Não bastasse a beleza desse marco geográfico para a população da região – com nascentes, quedas d´água e ainda um corredor ecológico de travessia de animais silvestres, o único intacto na região –, o entorno da Pedra Grande abriga comunidades tradicionais e tem grande apelo turístico, sendo palco até da prática de esportes radicais.
Coube à geóloga Daniela Cordeiro dimensionar, em sua apresentação na audiência, o risco que o chamado Projeto Camargos, da Usiminas, representa para Pedra Grande, que já é tombada pelos Municípios de Itatiaiuçu e Igarapé. No caso do primeiro, foi esse marco inclusive que deu nome à cidade, já que Itatiaiuçu significa “pedra grande dentada” na língua tupi.

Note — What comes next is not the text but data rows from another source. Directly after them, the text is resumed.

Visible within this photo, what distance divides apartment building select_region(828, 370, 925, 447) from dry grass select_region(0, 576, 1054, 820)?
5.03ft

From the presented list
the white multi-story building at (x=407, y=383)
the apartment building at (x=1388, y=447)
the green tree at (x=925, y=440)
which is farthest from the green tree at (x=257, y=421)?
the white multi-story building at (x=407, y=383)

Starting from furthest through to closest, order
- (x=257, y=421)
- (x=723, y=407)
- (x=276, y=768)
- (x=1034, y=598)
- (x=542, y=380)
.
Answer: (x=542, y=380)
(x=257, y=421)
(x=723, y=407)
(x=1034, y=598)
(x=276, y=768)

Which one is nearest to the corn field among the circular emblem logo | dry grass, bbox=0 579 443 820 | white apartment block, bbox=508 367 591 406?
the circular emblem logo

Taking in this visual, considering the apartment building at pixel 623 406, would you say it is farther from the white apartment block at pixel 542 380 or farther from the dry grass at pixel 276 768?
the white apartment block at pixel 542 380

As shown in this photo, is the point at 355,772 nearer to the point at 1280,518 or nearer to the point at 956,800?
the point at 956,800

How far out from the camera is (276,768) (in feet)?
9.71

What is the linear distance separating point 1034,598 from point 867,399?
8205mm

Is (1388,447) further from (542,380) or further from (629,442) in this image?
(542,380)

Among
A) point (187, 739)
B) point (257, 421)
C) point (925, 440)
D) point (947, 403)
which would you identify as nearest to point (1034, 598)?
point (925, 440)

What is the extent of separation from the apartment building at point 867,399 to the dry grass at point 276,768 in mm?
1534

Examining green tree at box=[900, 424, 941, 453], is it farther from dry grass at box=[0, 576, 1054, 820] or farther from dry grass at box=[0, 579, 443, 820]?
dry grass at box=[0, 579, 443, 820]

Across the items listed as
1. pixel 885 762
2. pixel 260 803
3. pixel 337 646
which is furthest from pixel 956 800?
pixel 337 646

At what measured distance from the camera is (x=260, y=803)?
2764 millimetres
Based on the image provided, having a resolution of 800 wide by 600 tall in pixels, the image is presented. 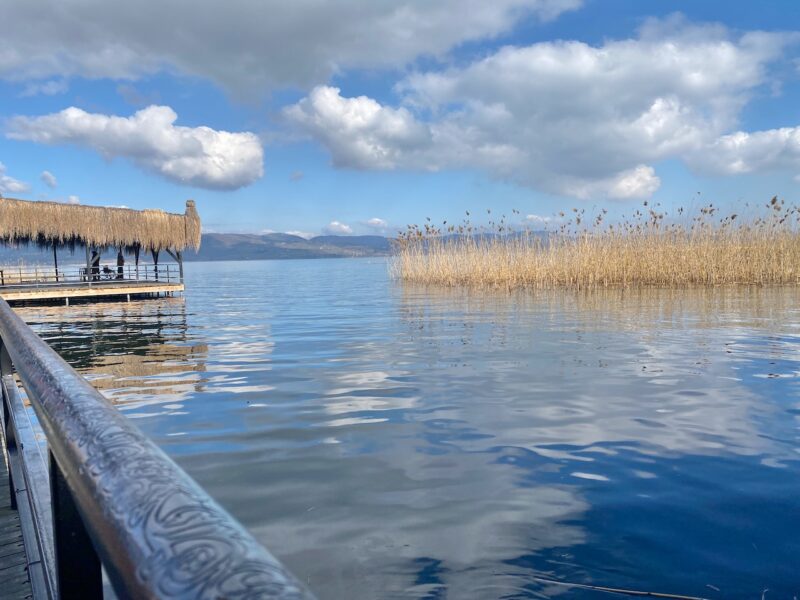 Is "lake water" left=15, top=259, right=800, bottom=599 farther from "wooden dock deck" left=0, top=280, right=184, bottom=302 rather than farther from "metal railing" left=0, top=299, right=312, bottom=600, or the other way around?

Segundo ela, o licenciamento concedido pelo governo estadual à Usiminas, com a anuência da Prefeitura de Itatiaiuçu, prevê, entre outros impactos, a abertura de uma cava para retirar 2,9 milhões de toneladas de minério, uma pilha de estéril (resíduos da mineração), a construção de um dique (barragem) de nove metros de altura e a abertura de uma estrada de 3,5 km de extensão que receberá tráfego intenso de caminhões e outros equipamentos de mineração.
“Tudo isso a menos de 500 metros da Pedra Grande. Toda a paisagem abaixo da Pedra Grande vai virar um grande buraco”, lamentou. Ela lembrou que a Comunidade de Vieiras, situada nas proximidades, vai perder seu acesso à Pedra Grande e ao chamado Morro do Cruzeiro, local de peregrinação religiosa, e não foi consultada em nenhum momento.
“A empresa fala que tal nascente está seca e quando você vai lá vê que está brotando água. Se a mineração for para lá, vai sumir tudo, tudo mesmo, até a vista.” lembra a Geóloga Daniela Cordeiro
Com o apoio de moradores da região, a geóloga realizou um levantamento completo dos pontos de interesse da região, como nascentes, riachos, cachoeiras, cavernas e acessos, e, segundo ela, a grande maioria foi negligenciada nos estudos realizados pela mineradora para conseguir o licenciamento.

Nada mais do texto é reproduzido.